-- Work to be completed --
Please restate verbatim the lines that open the listing below, ending with the line in which "Huitich Double Layered" occurs.

-- Records to use --
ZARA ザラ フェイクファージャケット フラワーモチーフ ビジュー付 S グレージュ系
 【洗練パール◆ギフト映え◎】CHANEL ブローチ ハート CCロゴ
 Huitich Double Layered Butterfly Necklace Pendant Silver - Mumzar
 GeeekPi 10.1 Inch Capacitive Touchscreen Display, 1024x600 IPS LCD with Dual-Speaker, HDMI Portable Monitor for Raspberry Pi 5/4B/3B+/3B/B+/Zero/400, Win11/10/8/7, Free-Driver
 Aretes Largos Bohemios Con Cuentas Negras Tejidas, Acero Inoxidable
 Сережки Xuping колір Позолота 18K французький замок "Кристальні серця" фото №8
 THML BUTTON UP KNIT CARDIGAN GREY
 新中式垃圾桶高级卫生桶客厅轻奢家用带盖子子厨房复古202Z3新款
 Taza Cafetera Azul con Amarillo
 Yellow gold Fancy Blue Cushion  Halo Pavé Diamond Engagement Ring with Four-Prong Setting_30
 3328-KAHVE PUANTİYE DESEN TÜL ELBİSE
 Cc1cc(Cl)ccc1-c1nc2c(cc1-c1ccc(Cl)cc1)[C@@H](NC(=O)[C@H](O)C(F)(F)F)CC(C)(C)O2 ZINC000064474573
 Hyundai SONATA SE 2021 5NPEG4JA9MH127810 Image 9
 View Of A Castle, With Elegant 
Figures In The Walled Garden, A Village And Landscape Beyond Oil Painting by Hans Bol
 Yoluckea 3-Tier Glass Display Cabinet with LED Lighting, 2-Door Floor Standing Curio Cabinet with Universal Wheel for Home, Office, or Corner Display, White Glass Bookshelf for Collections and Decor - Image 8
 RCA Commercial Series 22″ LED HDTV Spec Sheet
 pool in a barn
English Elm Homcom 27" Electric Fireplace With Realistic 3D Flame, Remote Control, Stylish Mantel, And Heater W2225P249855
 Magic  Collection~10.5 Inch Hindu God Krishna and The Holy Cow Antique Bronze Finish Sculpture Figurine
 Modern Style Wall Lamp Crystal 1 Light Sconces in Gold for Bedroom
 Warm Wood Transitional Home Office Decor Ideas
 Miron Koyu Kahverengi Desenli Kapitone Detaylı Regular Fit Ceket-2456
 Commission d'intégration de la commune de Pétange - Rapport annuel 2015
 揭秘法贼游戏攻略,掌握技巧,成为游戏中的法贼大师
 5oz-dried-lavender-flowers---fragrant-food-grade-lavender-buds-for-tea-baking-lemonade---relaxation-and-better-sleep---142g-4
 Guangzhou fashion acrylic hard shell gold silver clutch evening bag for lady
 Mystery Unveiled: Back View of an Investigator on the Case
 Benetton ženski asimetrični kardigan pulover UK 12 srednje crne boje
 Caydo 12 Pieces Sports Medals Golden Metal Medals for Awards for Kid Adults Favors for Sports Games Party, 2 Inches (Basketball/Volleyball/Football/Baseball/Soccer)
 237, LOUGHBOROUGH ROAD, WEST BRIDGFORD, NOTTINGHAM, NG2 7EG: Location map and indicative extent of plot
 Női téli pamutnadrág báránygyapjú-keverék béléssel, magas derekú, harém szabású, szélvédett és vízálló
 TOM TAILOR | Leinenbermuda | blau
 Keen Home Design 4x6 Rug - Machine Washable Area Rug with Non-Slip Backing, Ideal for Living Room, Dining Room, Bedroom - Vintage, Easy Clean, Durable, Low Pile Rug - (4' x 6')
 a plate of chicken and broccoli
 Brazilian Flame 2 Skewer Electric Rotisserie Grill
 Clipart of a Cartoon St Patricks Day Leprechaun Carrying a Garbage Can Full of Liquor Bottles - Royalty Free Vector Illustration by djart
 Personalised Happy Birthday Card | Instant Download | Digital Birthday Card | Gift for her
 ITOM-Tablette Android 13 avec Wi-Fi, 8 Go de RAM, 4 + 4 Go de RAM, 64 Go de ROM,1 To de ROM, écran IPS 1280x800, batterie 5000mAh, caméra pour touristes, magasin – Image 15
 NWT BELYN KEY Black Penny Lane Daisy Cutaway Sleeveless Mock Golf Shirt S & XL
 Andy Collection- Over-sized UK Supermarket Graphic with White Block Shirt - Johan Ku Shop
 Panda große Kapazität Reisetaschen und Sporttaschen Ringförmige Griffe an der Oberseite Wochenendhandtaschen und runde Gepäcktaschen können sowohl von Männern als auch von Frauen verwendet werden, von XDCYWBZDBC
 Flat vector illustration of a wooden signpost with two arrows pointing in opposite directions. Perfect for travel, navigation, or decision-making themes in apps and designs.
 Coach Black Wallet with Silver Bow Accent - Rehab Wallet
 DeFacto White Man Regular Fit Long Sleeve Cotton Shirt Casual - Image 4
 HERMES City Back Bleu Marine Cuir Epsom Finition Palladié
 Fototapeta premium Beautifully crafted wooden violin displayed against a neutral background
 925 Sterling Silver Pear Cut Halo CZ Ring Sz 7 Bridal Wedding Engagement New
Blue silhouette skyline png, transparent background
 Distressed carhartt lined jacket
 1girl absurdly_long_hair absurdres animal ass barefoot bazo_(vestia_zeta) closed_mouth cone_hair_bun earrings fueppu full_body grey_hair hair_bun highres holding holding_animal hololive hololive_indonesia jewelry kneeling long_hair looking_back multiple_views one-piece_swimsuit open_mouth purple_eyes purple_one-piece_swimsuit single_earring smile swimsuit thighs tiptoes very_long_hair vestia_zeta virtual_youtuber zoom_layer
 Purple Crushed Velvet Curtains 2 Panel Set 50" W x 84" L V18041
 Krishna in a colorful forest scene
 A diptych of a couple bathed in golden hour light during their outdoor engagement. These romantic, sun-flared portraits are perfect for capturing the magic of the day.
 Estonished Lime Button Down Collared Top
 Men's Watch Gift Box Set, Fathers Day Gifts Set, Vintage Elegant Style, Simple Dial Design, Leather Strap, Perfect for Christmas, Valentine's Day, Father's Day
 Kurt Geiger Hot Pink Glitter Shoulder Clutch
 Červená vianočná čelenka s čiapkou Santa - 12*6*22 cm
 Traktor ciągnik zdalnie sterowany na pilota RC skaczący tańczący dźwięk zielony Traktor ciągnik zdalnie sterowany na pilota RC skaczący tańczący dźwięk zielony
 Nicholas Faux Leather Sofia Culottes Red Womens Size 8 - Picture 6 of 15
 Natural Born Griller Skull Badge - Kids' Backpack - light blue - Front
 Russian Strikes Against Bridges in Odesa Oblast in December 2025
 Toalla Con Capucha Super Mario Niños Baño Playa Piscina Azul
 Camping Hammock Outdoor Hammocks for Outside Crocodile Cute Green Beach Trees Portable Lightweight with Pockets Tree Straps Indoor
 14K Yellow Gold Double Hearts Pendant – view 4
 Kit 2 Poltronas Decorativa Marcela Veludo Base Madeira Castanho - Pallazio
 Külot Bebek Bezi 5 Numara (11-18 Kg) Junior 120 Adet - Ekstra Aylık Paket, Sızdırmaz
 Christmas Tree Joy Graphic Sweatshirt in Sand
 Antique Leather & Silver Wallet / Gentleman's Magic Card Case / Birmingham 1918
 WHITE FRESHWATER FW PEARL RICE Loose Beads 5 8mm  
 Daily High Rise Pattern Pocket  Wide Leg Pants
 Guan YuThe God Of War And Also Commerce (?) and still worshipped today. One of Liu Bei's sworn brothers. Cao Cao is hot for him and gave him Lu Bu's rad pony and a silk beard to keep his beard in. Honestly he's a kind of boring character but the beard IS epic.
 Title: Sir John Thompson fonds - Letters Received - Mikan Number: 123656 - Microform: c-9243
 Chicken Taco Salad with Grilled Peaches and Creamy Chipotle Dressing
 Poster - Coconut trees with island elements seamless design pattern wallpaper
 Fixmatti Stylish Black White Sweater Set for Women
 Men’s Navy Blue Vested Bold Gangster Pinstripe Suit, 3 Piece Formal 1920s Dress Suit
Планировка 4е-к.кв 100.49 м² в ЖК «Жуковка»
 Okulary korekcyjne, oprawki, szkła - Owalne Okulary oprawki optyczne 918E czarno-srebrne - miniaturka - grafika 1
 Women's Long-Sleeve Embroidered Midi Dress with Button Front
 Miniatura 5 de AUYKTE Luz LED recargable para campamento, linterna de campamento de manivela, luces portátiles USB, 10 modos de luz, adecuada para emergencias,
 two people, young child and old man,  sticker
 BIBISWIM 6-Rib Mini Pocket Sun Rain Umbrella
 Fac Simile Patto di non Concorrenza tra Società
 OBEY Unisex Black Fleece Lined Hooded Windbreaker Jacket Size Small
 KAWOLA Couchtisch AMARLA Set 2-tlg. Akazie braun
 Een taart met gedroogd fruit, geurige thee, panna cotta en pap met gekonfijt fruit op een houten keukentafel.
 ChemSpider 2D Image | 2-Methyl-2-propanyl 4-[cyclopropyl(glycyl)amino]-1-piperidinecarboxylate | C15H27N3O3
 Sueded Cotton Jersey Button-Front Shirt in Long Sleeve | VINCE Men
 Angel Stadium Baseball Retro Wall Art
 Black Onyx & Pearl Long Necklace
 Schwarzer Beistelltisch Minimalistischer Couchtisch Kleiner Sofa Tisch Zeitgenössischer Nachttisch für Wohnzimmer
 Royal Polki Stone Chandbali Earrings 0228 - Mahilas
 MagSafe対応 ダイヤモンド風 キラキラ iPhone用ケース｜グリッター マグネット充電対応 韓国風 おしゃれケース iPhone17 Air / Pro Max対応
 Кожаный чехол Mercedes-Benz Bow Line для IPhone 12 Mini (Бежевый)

-- Answer below --
ZARA ザラ フェイクファージャケット フラワーモチーフ ビジュー付 S グレージュ系
 【洗練パール◆ギフト映え◎】CHANEL ブローチ ハート CCロゴ
 Huitich Double Layered Butterfly Necklace Pendant Silver - Mumzar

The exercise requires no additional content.